- Exercise prompt -
No pictures belong in the answer. Repeat all the entries exactly.

[Short web captions]
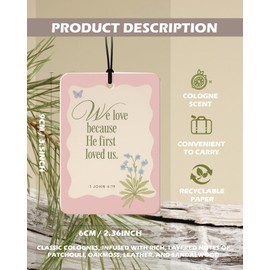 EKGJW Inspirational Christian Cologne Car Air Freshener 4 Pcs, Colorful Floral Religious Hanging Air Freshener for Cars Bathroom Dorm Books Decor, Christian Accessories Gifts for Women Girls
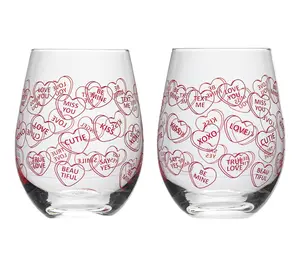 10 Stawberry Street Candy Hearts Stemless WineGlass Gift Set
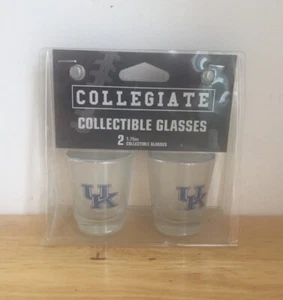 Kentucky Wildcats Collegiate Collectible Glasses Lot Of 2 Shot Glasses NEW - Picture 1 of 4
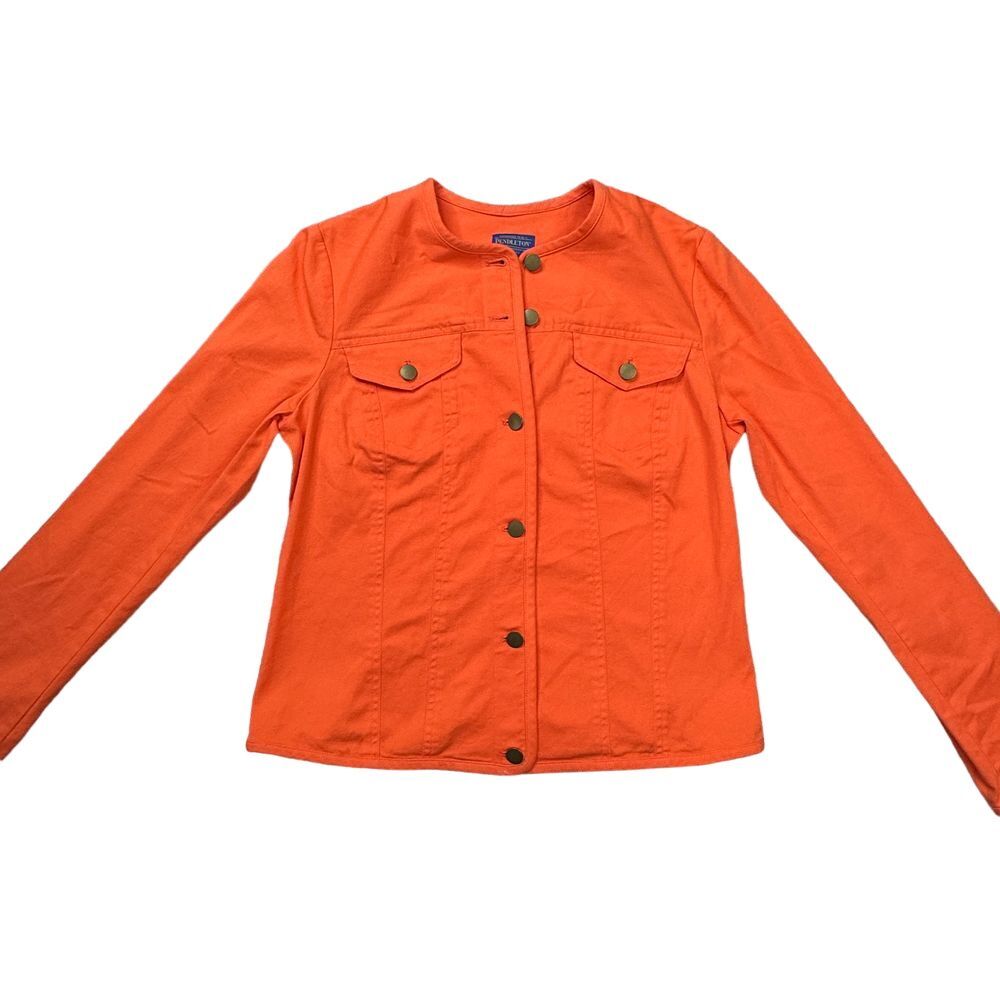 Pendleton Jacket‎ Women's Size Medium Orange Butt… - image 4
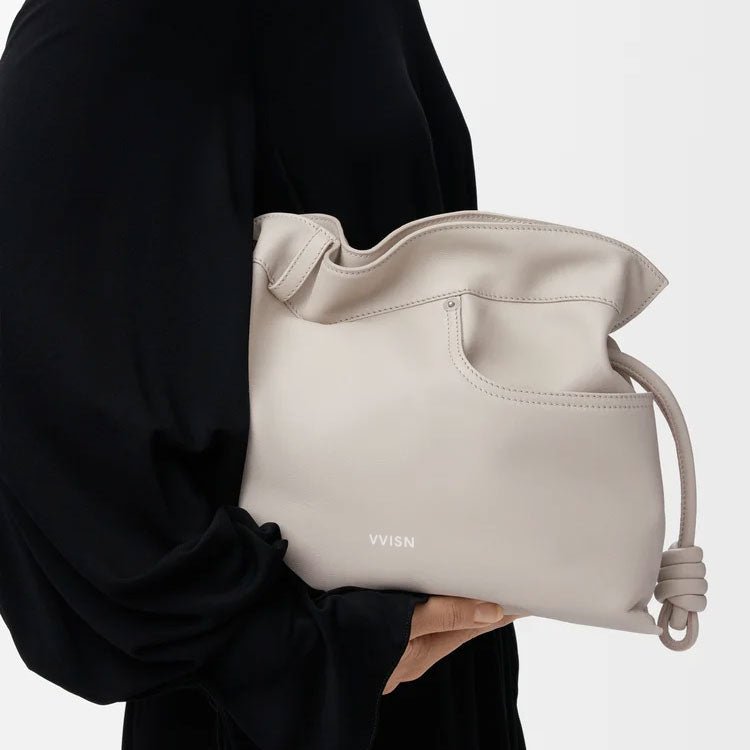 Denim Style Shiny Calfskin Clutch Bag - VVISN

- Written solution -
 EKGJW Inspirational Christian Cologne Car Air Freshener 4 Pcs, Colorful Floral Religious Hanging Air Freshener for Cars Bathroom Dorm Books Decor, Christian Accessories Gifts for Women Girls
 10 Stawberry Street Candy Hearts Stemless WineGlass Gift Set
 Kentucky Wildcats Collegiate Collectible Glasses Lot Of 2 Shot Glasses NEW - Picture 1 of 4
 Pendleton Jacket‎ Women's Size Medium Orange Butt… - image 4
 Denim Style Shiny Calfskin Clutch Bag - VVISN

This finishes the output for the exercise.